Solved: Relation between categorical nominal independent variable and continuous depende...

pablosfontoura · Apr 25, 2020 05:51 AM

Hi,

I have a doubt on which statistical method to use to understand relation between:

- one categorical nominal variable (named "expertise level", with two bus-response options: "expert" and "non-expert")

and

- one dependent variable (named "total duration of fixations")

I would like to check if a characteristic of a group of people, in this case expertise level, and more specifically, if being an expert or a non-expert, influence the total duration of time this people spent looking at things (total fixation duration).

Which statistic method should I use for that? And how to interpret the results (which key parameter to check and how to interpret it)?

Thank you on your attention.

statman · Apr 28, 2020 10:39 AM

To be honest, I really don't understand the "study". Why does it matter how long someone looks at a painting? What are they looking for? How do you know when they found it? In other words, I don't see any efficacy metrics. What do they "have" after they looked at the painting for x amount of time? Are you measuring some sort of brain activity? Do they "rate" the painting after that time?
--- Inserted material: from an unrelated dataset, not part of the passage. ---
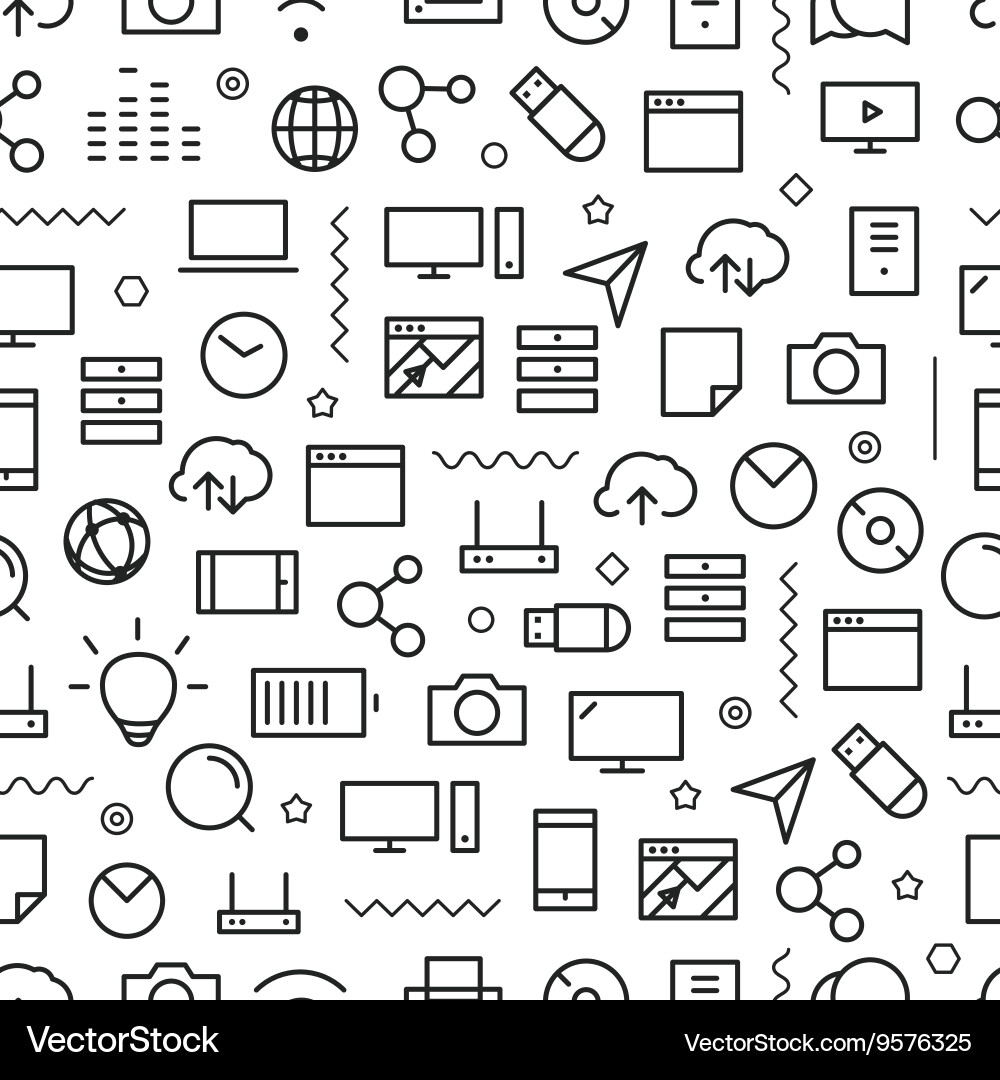 Modern Line Icon Pattern vector image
IMHO your grouping into 2 categories (experts and not) is overly simplified.

Other thoughts:

I think you should expand the study to include more variables (distance from painting, Intensity of light, type of lighting, angle of view, additional artists (perhaps from different genres)).
You don't have any way to estimate or separate measurement error (both within and between observer). For example, you don't have the same person observe the same painting twice.

The first step to dealing with outliers is to identify them. There are many ways to do this (some methods already shown above in the thread). Once identified you have to think about why they are "different". I always suggest predicting outliers in your study before you perform the study. What might cause unusual data points? Do this before the study and then observe if any of your predicted "explanations" happen during the study. In many cases, these are the most informative pieces of information. Once you understand why they happened, then you can play the game of removing them from the data set...The objective is NOT to have a great data set (or great graphs, plots or statistically significant effects). The objective is to learn.
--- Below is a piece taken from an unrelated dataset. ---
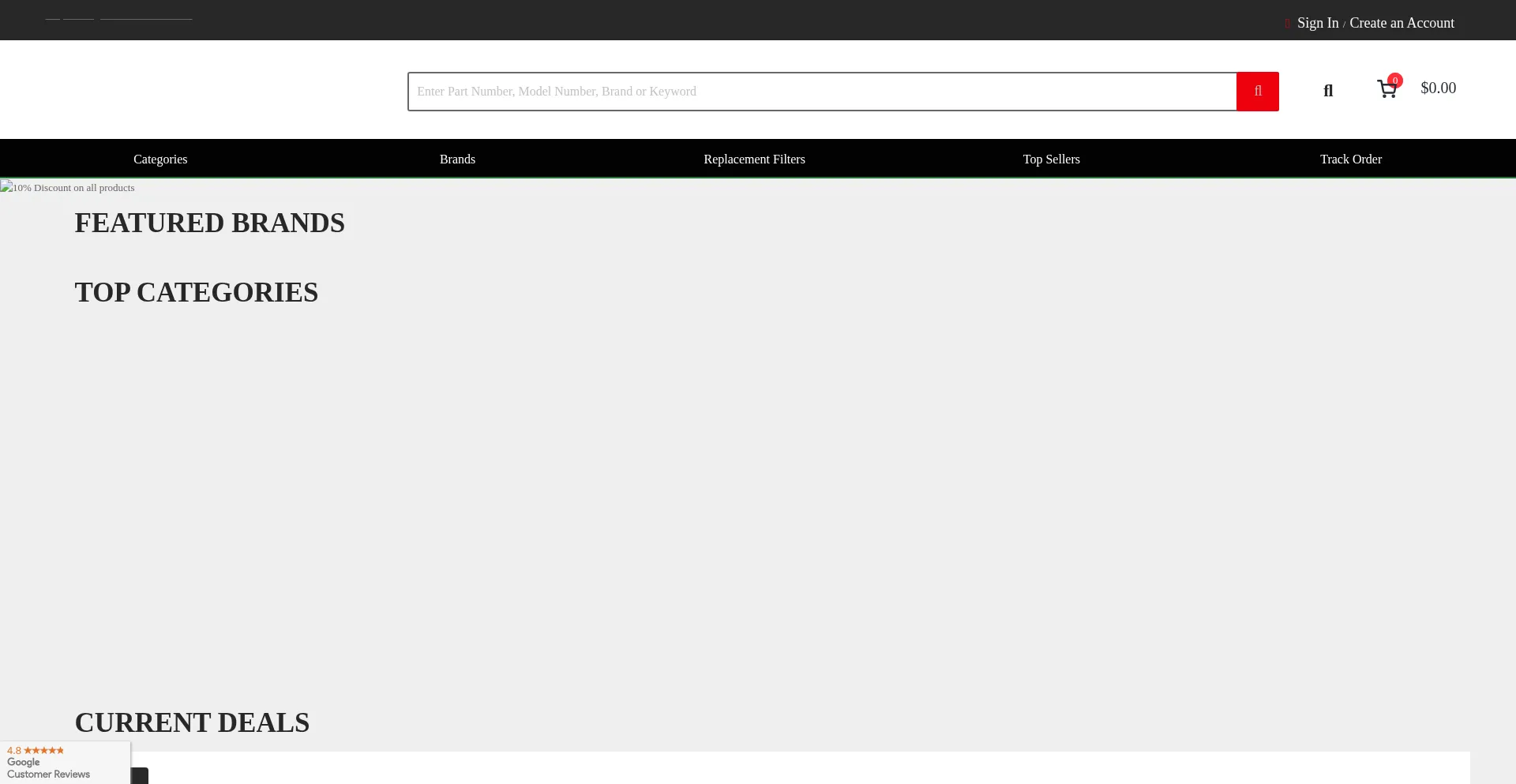 Website screenshot of Partadvantage.com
"All models are wrong, some are useful" G.E.P. Box

View solution in original post

Mark_Bailey · Apr 25, 2020 09:06 AM

Your data table will have two data columns: Total Duration of Fixation (numeric data, continuous modeling type) and Expertise Level (character data, nominal modeling type). Select Analyze > Fit Y by X. Select Total Duration of Fixation and click Y. Select Expertise Level and click X. Click OK.

Now the choice of the analysis method depends on the nature of the data. The red triangle menu provides commands to perform all the available methods but the appropriate method depends on the assumptions that each method makes about the data. There are parametric methods such as the Student t-Test (equal and non-equal variance cases), analysis of variance (ANOVA, equal variance case), and analysis of means (ANOM). There are many non-parametric tests.

statman · Apr 25, 2020 11:47 AM

As Mark states, Fit Y by X. Some other thoughts:

1. Make sure you understand practical significance first. How much of a change in "Duration of Fixation" matters to you. How much of a change is of scientific value?

2. For future work, could you create more categories of Expertise (at least some ordinal scale). The closer to continuous, the more efficient.

3. Plot the data along with any statistical "tests". Does it make sense?

4. How is expertise determined? Measurement error?

5. Do you care about the variation in the Duration?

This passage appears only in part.